You can find the answer in the redis dict.c source file. Then I will give a part of it.
The iteration works as follows:
- First you call the function using the cursor value (v) 0. 2)
- The function performs one iteration step and returns a new cursor value that you should use in the next call.
- When the return cursor is 0, the iteration is complete.
The function ensures that all elements present in the dictionary are returned between the beginning and end of the iteration. However, some items may be returned several times. For each element returned, the fn callback argument is called with privdata as the first argument, and the entry'de dictionary element is called the second argument.
How it works
The iterative algorithm was developed by Pieter Noordhuis . The basic idea is to increase the cursor starting with higher order bits. That is, instead of the usual cursor, the cursor changes to the opposite, then the cursor increases, and finally, the bits change again.
This strategy is necessary because the hash table can be changed in the range between iterative calls. dict.c hash tables always have a power of two in size, and they use a chain, so the position of the element in this table is determined by calculating the bitwise AND between Hash (key) and SIZE-1 (where SIZE-1 is always a mask that is equivalent to the rest parts of the separation between the key hash and SIZE).
For example, if the current size of the hash table is 16, the mask (in binary form) is 1111. The key position in the hash table will always be the last four bits of the hash output, etc.
What happens if the table changes in size?

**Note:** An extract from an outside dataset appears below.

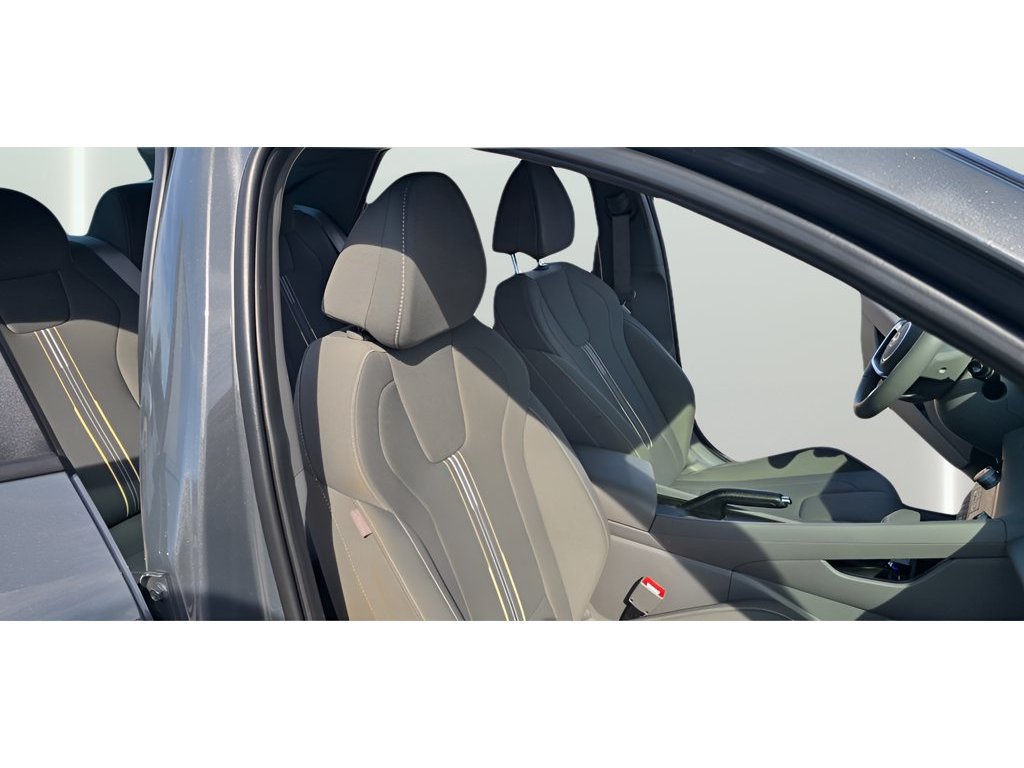 Used 2026 Hyundai Elantra Sport FWD image 22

If the hash table grows, elements can be moved anywhere on the same edge of the old bucket: for example, suppose we have already iterated using the 4-bit cursor 1100 (mask 1111 because the size of the hash table = 16).

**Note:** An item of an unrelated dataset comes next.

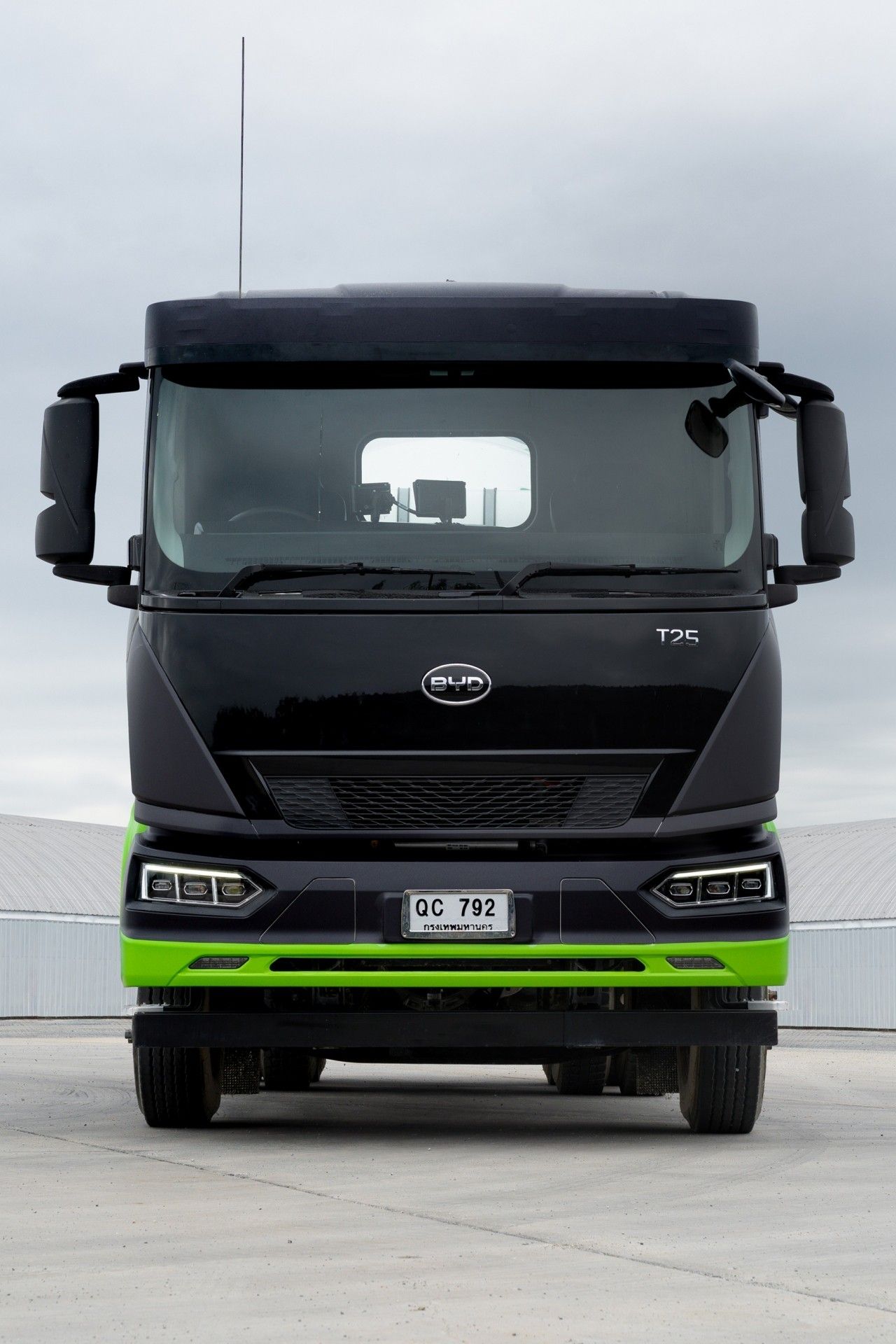 瑞芙推出 BYD T25 e-Mixer 电动混凝土搅拌车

If the hash table is changed to 64 elements, the new mask will be 111111. The new buckets that you get, replacing 1100 with 0 or 1, can only target keys that we have already visited when scanning the 1100 bucket in a smaller hash table.
Iterating the most significant bits first, the cursor does not need to be restarted due to the inverted counter if the table becomes larger. It will continue to iterate using cursors without the “1100” at the end, as well as without any other combination of the last 4 bits that have already been explored.
Similarly, when the size of the table decreases over time, for example, from 16 to 8, if the combination of the three lower bits (mask for size 8 is 111) has already been fully explored, it will not be visited again, because we are sure that we tried, for example, both 0111 and 1111 (all variants of a higher bit), so we do not need to test it again.
Wait ... You have two tables during paraphrasing!
Yes, it’s true, but first we first iterate over the smaller table, then check all the extensions of the current cursor to the large table. For example, if the current cursor is 101, and we also have a large table of size 16, we also test (0) 101 and (1) 101 inside the larger table. This reduces the problem to only one table, where the larger, if it exists, is simply an extension of the smaller.
Limitations
This iterator is completely stateless, and this is a huge advantage, including the lack of additional memory. Disadvantages resulting from this design:
- Maybe we will return the items more than once. However, this is usually easy to handle at the application level.
- The iterator should return several elements for each call, since it should always return all keys bound in this bucket, and all extensions, so we are sure that we will not miss the keys that move during the reboot.
- The back cursor is hard to understand at first, but this comment should help.